If you pick up a version of the Bible with highlighted red text for the words of Jesus, one comes to the conclusion that Jesus was one of many trying to express the same things Paul expresses in his blog, and the same thing we are all seeking in these times (by design, and in fulfilling prophecies).
Buddhism, Taoism, Islam, Christianity, Judaism... they all have great things to say and good means by which to live -- yet if we forget the fundamentals (ha ha to the fundamentalists) of "Love God," and "Love your neighbor as yourself," ....
We miss the point entirely, and wind up enthralled with semantics.
I was not able to believe that everyone who didn't believe the things this church taught was going to hell. I asked about Gandhi, the Dalai Lama, Buddha and I was told they were all going to hell. I could not believe or trust the church from that day forth.

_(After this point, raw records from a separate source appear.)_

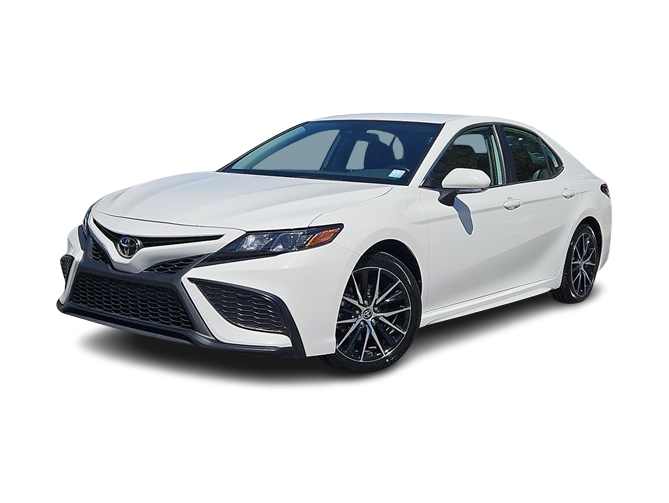 Thumbnail: 2024 Toyota Camry - 1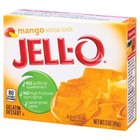 Jell-o Mango Gelatin Mix 3 Ounce Box  pack Of 6 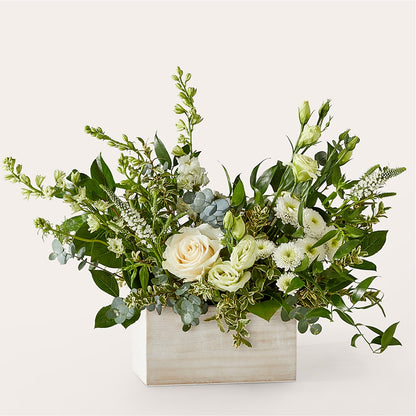 Cashmere Bouquet –  Queen Ofe Florist, San Jose CA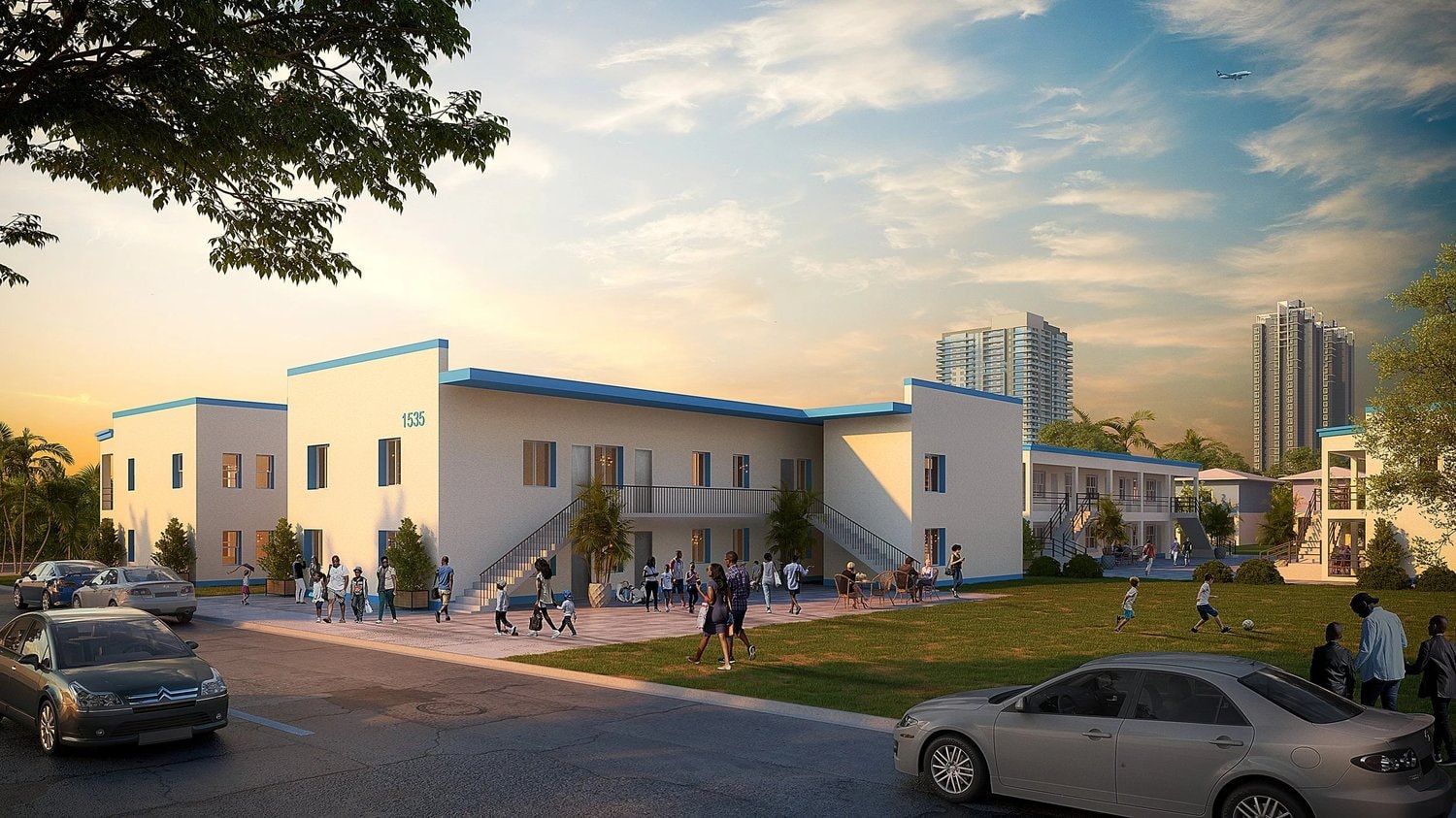 Affordable Housing — VAGABOND GROUP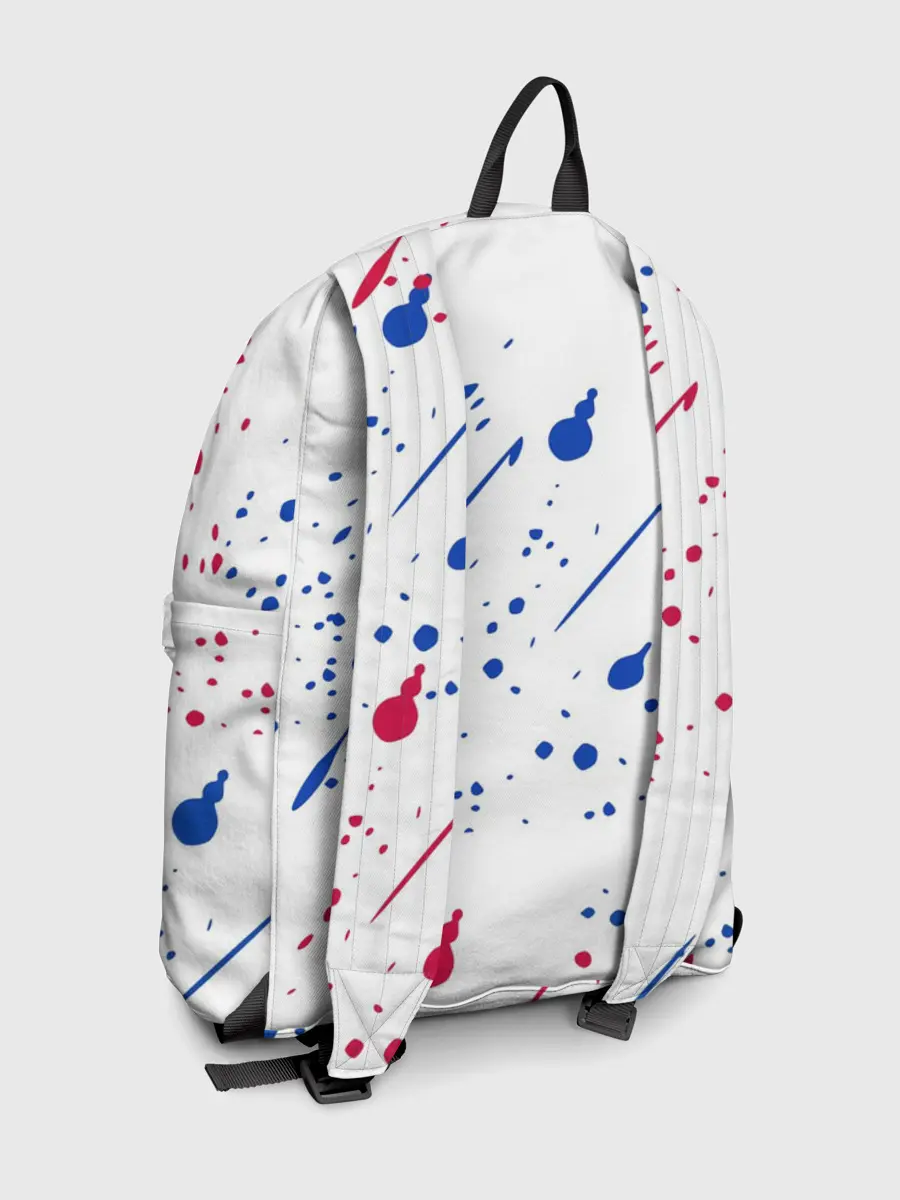 Рюкзак джинсовый / НЕЙМАР / NEYMAR / БАРСЕЛОНА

God would have to be cruel and ignorant to place human beings in the circumstances that built their beliefs and then to punish them for being exactly what he made them.
I was punished by human beings for being born with brown eyes, but that's how I was made.
I admire the good acts done by organized religion, but I now lack the ability to trust their wisdom. I have been controlled by this, as you put it, because I am now an outsider and I very much want to be accepted and loved and allowed to be different -to think differently.
The vast majority of us are merrily ensconced in the middle. The fanatical minority are out on the periphery.
According to the True Believer by Eric Hoffer, the true fanatic can switch over to the team on the polar end of the spectrum much easier than we could join either of them.
They thrive on the drama more than the actual cause...isn't that interesting?